Police-justice : sortir du dilemme gauche-droite
Pour prendre conscience de la manière dont les grandes villes européennes vivent l’économie globalisée, la lecture d’un excellent polar est un précieux recours. A titre d’exemple, citons celui que vient de publier Patrick Delachaux, un ancien policier genevois: Grave panique, paru aux Editions Zoé.
Envoyé dans la région parisienne lors d’une mission d’Europol, le narrateur est confronté à des rapports entre population et forces de l’ordre qui n’ont guère de points communs avec ce qu’il a vécu pendant dix-sept ans de police de proximité dans les rues de Genève.
En Seine-Saint-Denis — ce département du Grand Paris qui accumule les handicaps — les «keufs» sont perçus comme des soldats d’occupation. Et lorsqu’en bon flic genevois, soucieux de tisser des liens pour les transformer en tuyaux, Patrick Delachaux veut dire bonjour à des lascars de La Courneuve, il se fait incendier par ses collègues français. On ne cause pas à l’ennemi.
Entre les mafias chinoises, les clans de Français d’origine maghrébine et africaine, des féodalités nouvelles se construisent dans l’ombre. Le racisme politicard façon Le Pen (traduction en langage helvète: Blocher; avec la sous-variante genevoise: Stauffer) en fait son beurre rance.

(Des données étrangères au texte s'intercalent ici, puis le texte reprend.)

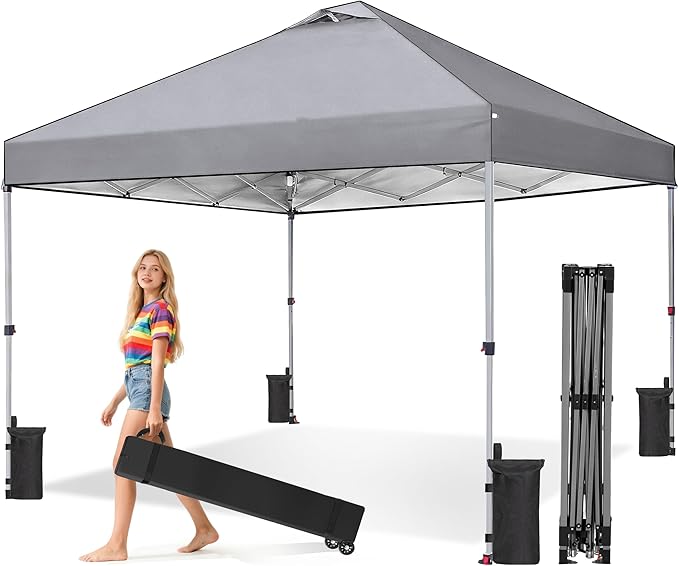 OLIXIS 10x10ft Pop Up Canopy Tent, Heavy Duty 1-Person One Push Setup, Portable Outdoor Shelter for Beach, Events, Camping Includes Rolling Carry Bag, Grey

Voici donc le défi que doit relever la police française du XXIe siècle: tenter de détricoter ces féodalités pour que la République puisse reconquérir ses terrains perdus. Et cela ne se fera ni à grands coups de gueule extrémistes ni par les castagnettes de la langue de bois. Après dix ans de règne sur la sécurité publique — en tant que ministre de l’Intérieur, puis président — Nicolas Sarkozy nous a montré qu’il fallait surtout ne pas faire, à savoir jouer les policiers contre les juges, pulvériser la police de proximité, stigmatiser une population. Sur ces ruines, tout est à reconstruire. Le quinquennat Hollande n’y suffira pas. Mais, au moins, que le nouveau gouvernement remette la justice-police sur les rails!

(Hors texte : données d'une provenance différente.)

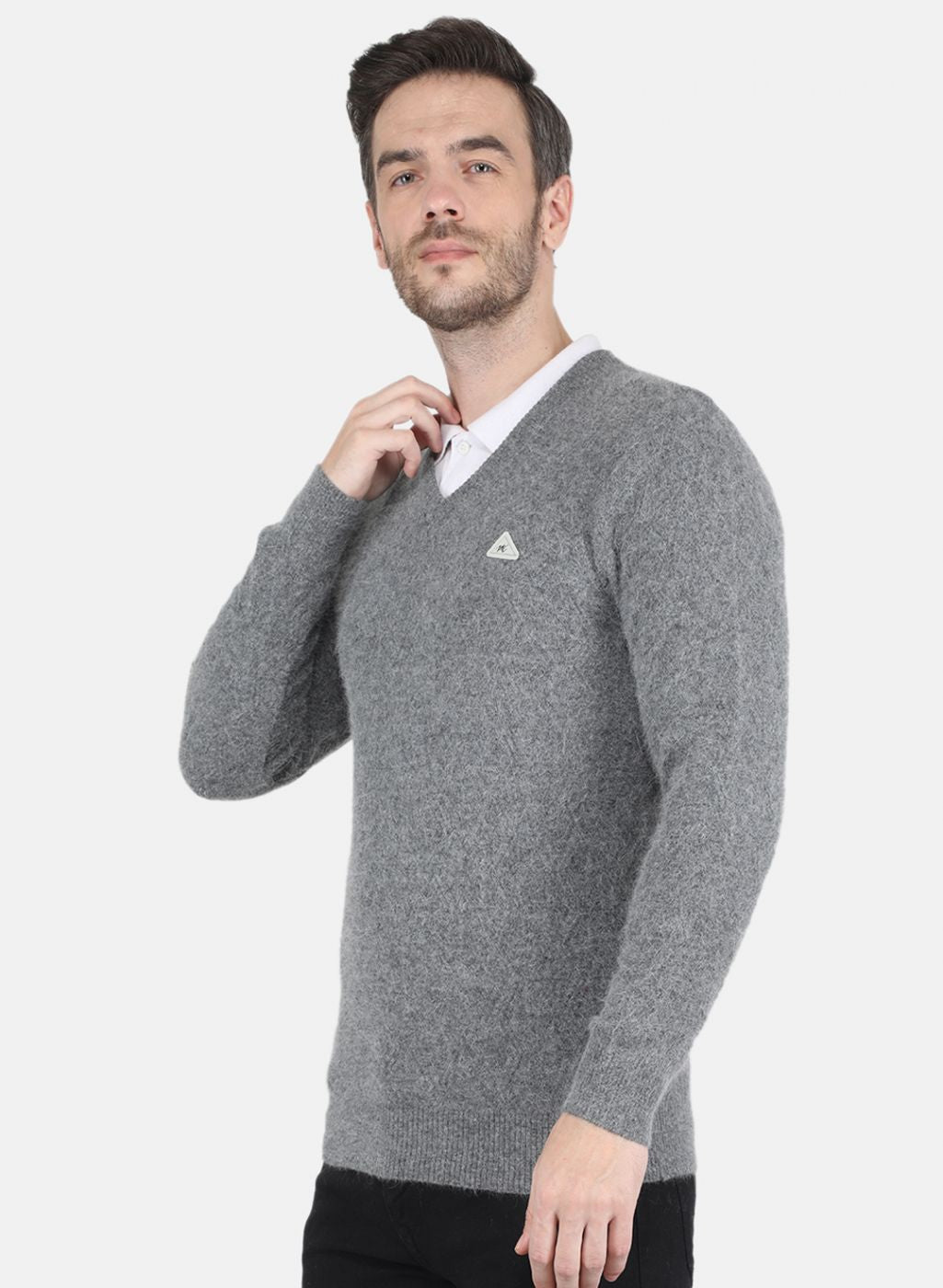 Men Grey Self design Pullover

Il devra, avant toute chose, dépasser le faux dilemme droite-gauche. Pour la droite, les conditions sociales et économiques ne jouent aucun rôle, seule compte la responsabilité individuelle. Pour la gauche, la responsabilité individuelle se dilue dans les conditions sociales et économiques. La droite privilégie la répression et la gauche la prévention. C’est soit l’un, soit l’autre. Or, prévention et répression forment les deux faces d’une même médaille, les séparer, c’est se condamner à l’inefficacité, comme l’ont prouvé la décennie Sarkozy et les années Mitterrand-Jospin.
Pour que la République se rétablisse là où elle est remplacée par les gangs, il faut soigner et cogner.